Material provided ::
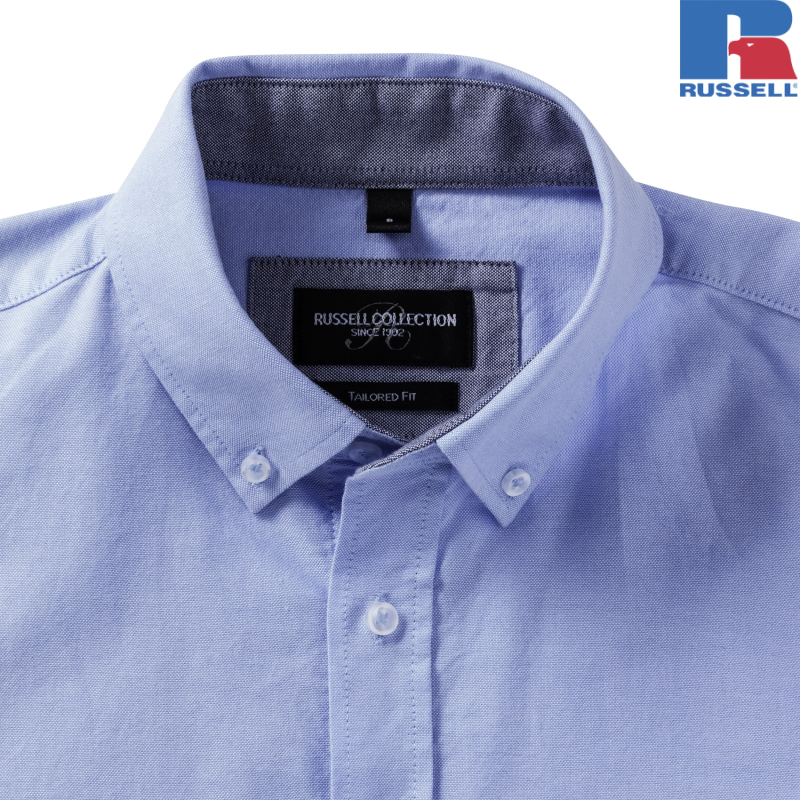 Men's Long Sleeve Tailored Washed Oxford Shirt | Russell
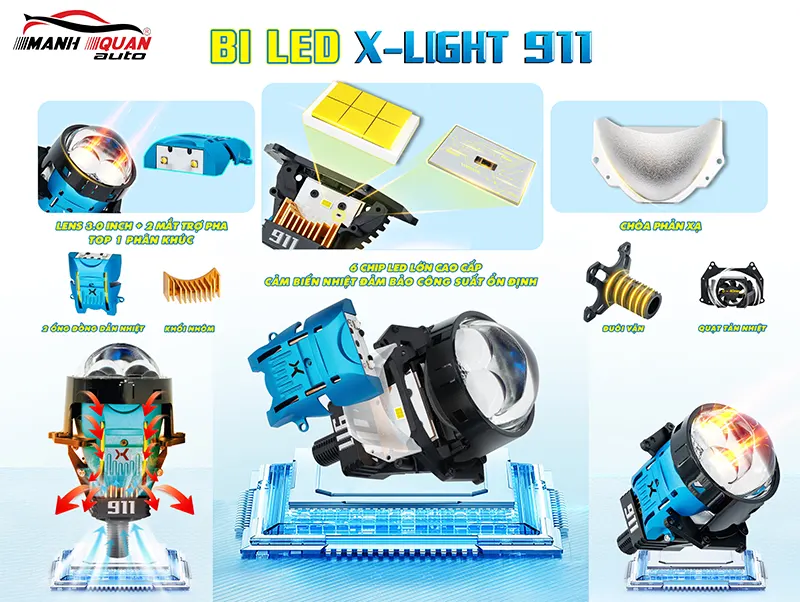 X-Light 911 sẽ là lựa chọn độ bi Led hot trong thời gian sắp tới cho các chủ xe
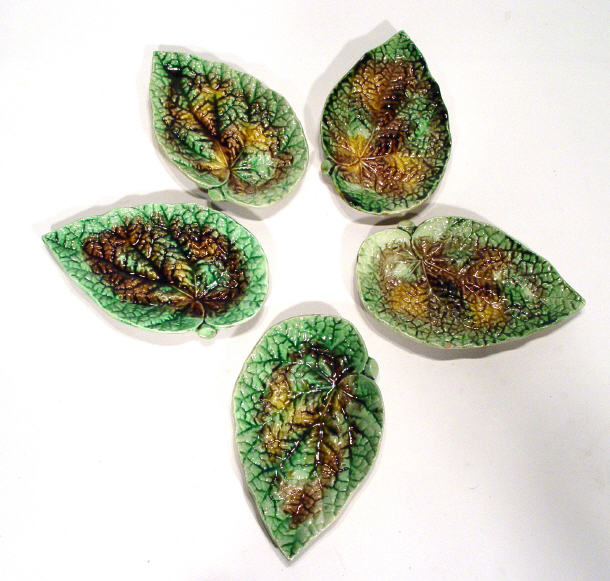 Appraisal: Five Majolica pottery green glazed leaf dishes each cm long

Problem to work on :: All of the material should be reproduced exactly, apart from the pictures.

Exercise solution ::
 Men's Long Sleeve Tailored Washed Oxford Shirt | Russell
 X-Light 911 sẽ là lựa chọn độ bi Led hot trong thời gian sắp tới cho các chủ xe
 Appraisal: Five Majolica pottery green glazed leaf dishes each cm long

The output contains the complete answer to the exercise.